Whenever you want to read in some data the XFaster code wrote, you’ll want to use the function load_and_parse. This includes all the files detailed in the list above. You can then look through keys, where the dictionaries are all structured as main field name -> spectrum type -> map/cross spectrum.

In the last category, cross spectra are indicated with a colon, so if I had two maps tagged as 95 and 150 that I’m inputting the algorithm, the spectrum fields I should find are 95:95, 150:150, and 150:95 (crosses are in alphabetical error, as they are read as strings). Here, we have the two map auto-spectra first, and then the cross between them. If there are multiple maps with the same tag but that use different <<data_subsets>> as described in Maps above, these will be assigned an additional numerical tag, so you might have something like 95_0:95_1 for the cross between map 95 in data_subset1 and data_subset2.

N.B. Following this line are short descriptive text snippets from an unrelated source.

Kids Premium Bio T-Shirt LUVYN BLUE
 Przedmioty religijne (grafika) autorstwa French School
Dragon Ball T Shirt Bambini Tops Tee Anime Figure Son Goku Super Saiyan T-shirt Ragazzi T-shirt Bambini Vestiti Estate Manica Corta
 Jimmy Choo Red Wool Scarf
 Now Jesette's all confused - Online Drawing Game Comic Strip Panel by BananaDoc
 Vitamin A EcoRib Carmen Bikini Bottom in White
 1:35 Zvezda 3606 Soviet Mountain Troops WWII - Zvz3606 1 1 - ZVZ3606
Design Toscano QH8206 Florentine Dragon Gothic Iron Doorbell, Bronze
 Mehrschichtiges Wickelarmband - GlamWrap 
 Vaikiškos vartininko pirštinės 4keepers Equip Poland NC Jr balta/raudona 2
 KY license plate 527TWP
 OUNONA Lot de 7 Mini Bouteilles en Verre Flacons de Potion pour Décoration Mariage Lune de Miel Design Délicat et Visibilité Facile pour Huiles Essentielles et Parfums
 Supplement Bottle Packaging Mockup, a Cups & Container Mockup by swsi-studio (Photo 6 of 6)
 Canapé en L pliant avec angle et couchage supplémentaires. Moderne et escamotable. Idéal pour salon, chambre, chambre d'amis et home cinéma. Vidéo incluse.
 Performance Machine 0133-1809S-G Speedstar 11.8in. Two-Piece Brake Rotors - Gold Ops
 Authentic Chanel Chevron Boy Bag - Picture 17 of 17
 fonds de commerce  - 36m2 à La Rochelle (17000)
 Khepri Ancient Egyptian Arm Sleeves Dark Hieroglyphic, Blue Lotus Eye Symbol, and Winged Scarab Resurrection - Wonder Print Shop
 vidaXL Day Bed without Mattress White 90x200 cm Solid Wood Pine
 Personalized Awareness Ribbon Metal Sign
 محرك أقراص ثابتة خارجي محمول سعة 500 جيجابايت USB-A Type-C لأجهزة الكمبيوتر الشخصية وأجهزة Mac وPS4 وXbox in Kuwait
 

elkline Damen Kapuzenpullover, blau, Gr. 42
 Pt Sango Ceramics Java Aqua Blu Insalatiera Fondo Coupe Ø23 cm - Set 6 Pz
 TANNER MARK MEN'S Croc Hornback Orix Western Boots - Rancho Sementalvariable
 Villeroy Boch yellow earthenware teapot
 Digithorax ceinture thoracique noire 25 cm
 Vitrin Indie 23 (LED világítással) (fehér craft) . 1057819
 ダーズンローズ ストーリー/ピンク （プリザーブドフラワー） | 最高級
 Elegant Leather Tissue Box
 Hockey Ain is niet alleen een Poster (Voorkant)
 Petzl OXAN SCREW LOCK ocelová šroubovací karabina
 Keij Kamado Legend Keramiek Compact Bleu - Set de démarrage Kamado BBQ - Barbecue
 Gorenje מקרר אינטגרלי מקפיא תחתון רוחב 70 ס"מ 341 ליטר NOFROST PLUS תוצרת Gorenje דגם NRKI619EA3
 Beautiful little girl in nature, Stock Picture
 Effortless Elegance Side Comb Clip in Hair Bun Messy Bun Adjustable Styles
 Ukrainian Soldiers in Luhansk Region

Below, we show how to load up some bandpowers, error bars, transfer function, and r-likelihood from the example script outputs. This script is also in the repo: xfaster/example/plot_outputs.py

import numpy as np
import matplotlib.pyplot as plt
import xfaster as xf

# First, load up inputs to our sims so we can check how well they're recovered
# (bearing in mind, this is a single sim, so noise fluctuations and sample
# variance will cause scatter.
r_in = 1.0
Dls_in = xf.get_camb_cl(r=r_in, lmax=500, lfac=True)
Fl_in = np.loadtxt("maps_example/transfer_example.txt")

# load up bandpowers file, where most of the useful stuff is stored
bp = xf.load_and_parse("outputs_example/95x150/bandpowers_95x150.npz")
ee_bin_centers = bp["ellb"]["cmb_ee"]  # weighted bin centers
ee_specs = bp["cb"]["cmb_ee"]  # estimated CMB spectra with ell*(ell+1)/(2pi) factors
ee_errs = bp["dcb"]["cmb_ee"]  # estimated CMB error bars
spec_cov = bp["cov"]  # Nspec * Nbin square covariance matrix
ee_transfer_150 = bp["qb_transfer"]["cmb_ee"]["150"]  # transfer function using the same bins

fig, axs = plt.subplots(3, 1, figsize=(4,6))
axs[0].plot(Fl_in[:500], color="k", label="Input Transfer Function")
axs[0].plot(ee_bin_centers, ee_transfer_150, label="Estimated Transfer Function")
axs[0].set_ylabel(r"$F_\ell^{EE}$")
axs[0].set_xlabel(r"$\ell$")
axs[0].legend()

axs[1].plot(Dls_in[1], color="k", label="Input CMB")
axs[1].errorbar(ee_bin_centers, ee_specs, ee_errs, label="Output CMB Estimate")
axs[1].set_ylabel(r"$\ell(\ell+1)C_\ell^{EE}/2\pi\, [\mu K_{CMB}]$")
axs[1].set_xlabel(r"$\ell$")
axs[1].legend()

# Now get r-likelihood-- should be near the input r=1, but with scatter since it's
# just one sim realization
lk = xf.load_and_parse("outputs_example/95x150/like_mcmc_95x150.npz")

axs[2].axvline(r_in, color="k", label="Input r")
axs[2].hist(lk["samples"], label="r posterior")
axs[2].set_xlabel(r"$r$")
axs[2].legend()
plt.tight_layout()
plt.savefig("outputs_example.png")
plt.show()

The results should look like what’s shown below. We recover our inputs pretty well within expected noise and signal variance. Recovery is a bit worse at high ell because we aren’t accounting for leakage from even higher up bins– you’ll want to use an \(\ell_{max}\) a bit above what you plan to use for analysis for this reason.

_images/outputs_example.png

And that covers the basics!